*GOAL OF THE EXERCISE:* Copy exactly the lines of the data below, beginning with the line with "Seattle Washington Varsity" and ending with the line with "Poster - a close-up". Pictures are to be omitted.

*WORKING DATA:*
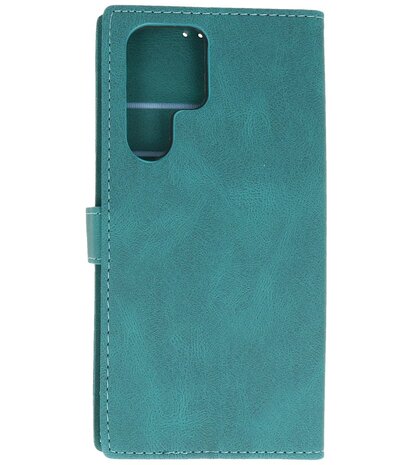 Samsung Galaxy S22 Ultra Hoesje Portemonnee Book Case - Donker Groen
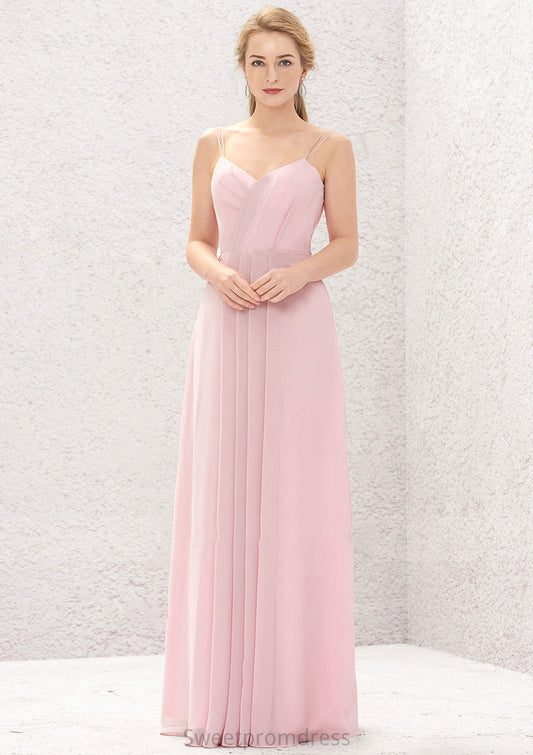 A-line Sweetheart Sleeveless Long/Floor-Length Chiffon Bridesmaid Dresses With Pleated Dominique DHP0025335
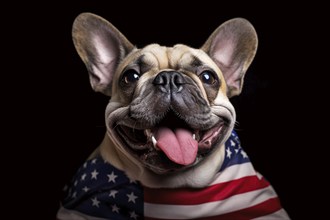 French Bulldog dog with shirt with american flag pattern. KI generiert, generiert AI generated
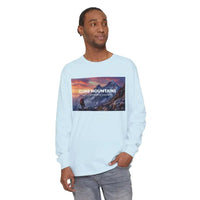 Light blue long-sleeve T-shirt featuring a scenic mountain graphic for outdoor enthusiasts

...

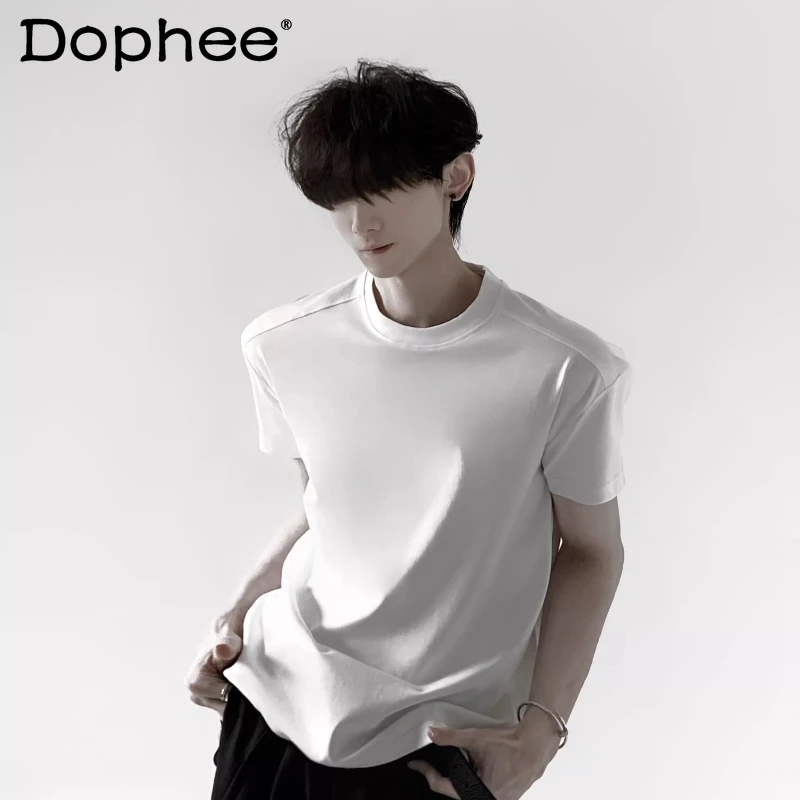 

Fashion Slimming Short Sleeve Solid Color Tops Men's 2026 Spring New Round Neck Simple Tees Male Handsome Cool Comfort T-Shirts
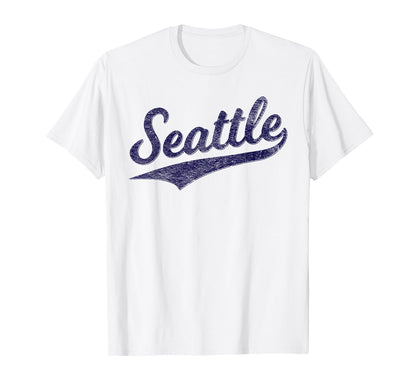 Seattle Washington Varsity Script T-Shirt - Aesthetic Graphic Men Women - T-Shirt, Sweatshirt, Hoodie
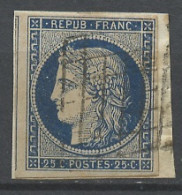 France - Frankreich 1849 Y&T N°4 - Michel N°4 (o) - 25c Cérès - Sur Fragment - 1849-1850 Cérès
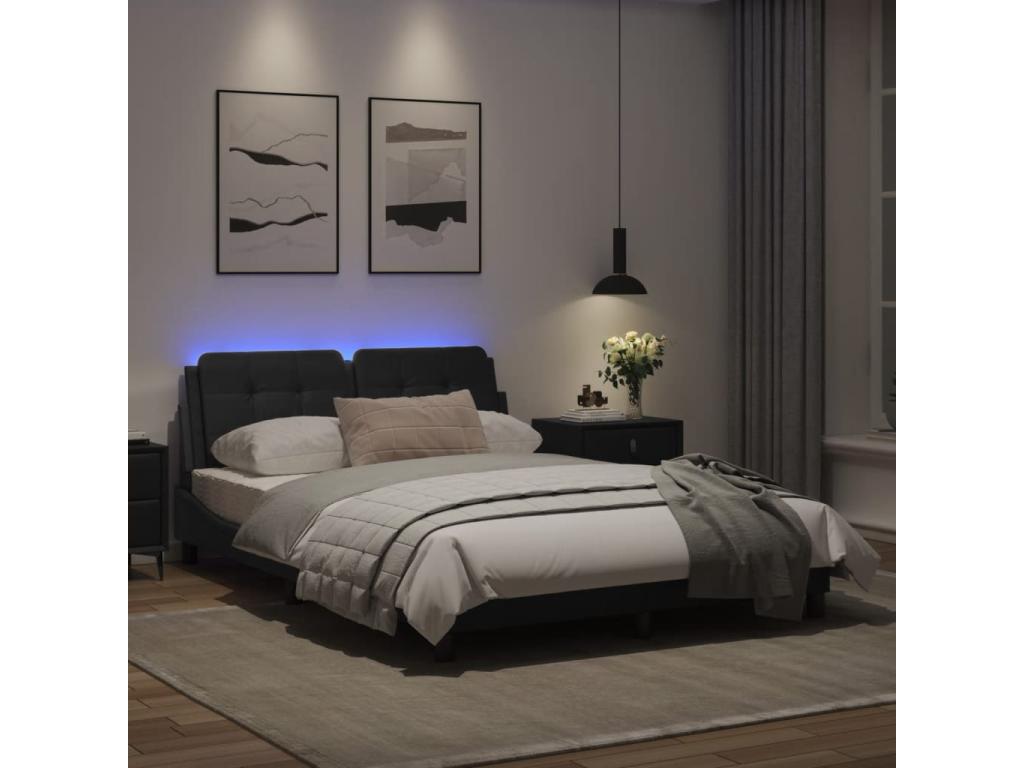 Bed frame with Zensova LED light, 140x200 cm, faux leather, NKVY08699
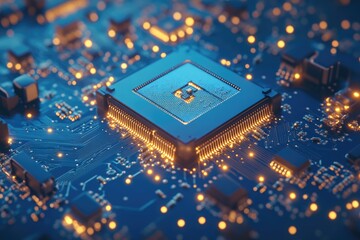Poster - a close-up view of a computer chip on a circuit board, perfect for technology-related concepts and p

==

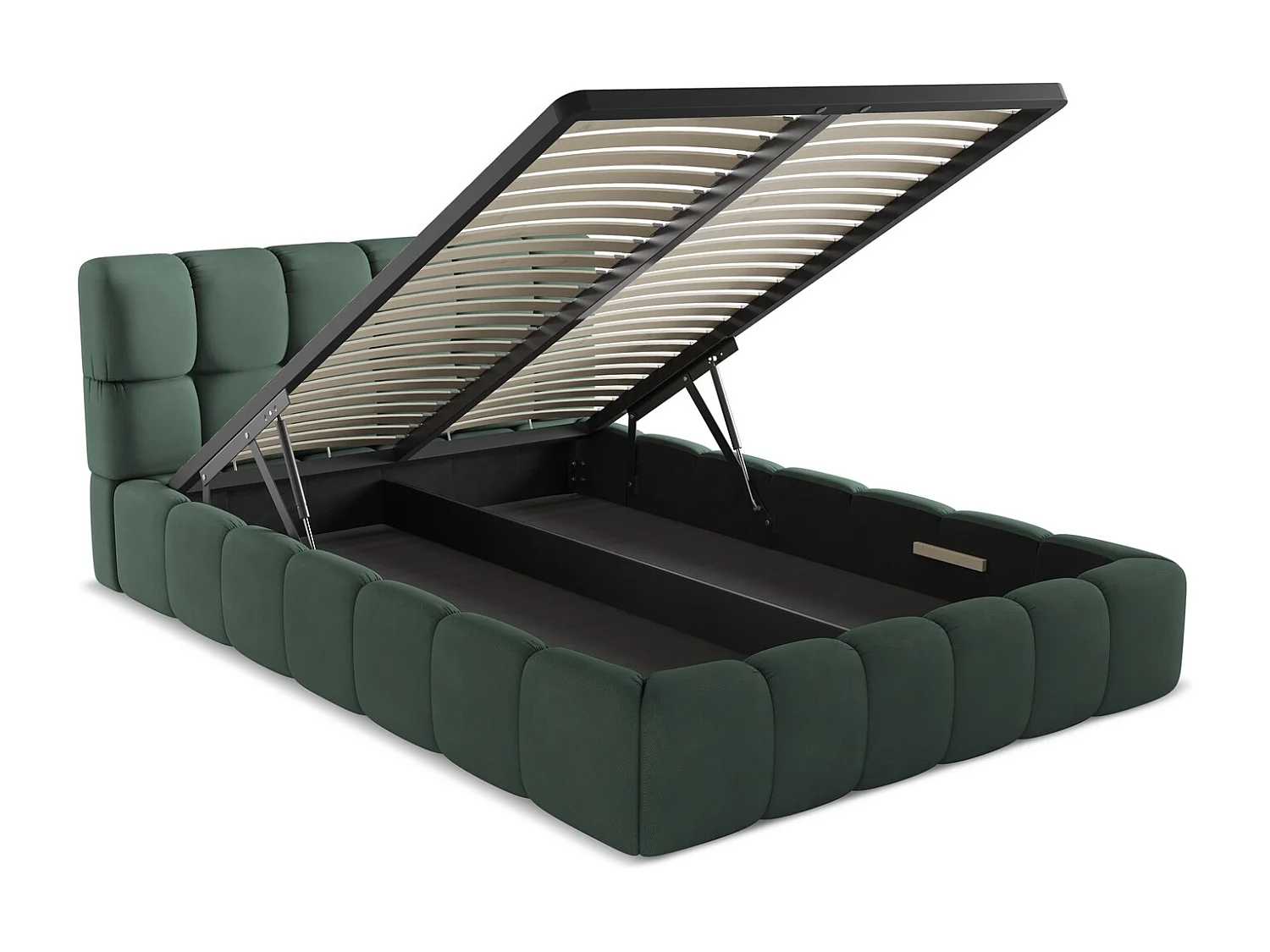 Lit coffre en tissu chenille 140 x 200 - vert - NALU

*WRITTEN REPLY:*
 Seattle Washington Varsity Script T-Shirt - Aesthetic Graphic Men Women - T-Shirt, Sweatshirt, Hoodie
 France - Frankreich 1849 Y&T N°4 - Michel N°4 (o) - 25c Cérès - Sur Fragment - 1849-1850 Cérès
 Bed frame with Zensova LED light, 140x200 cm, faux leather, NKVY08699
Poster - a close-up view of a computer chip on a circuit board, perfect for technology-related concepts and p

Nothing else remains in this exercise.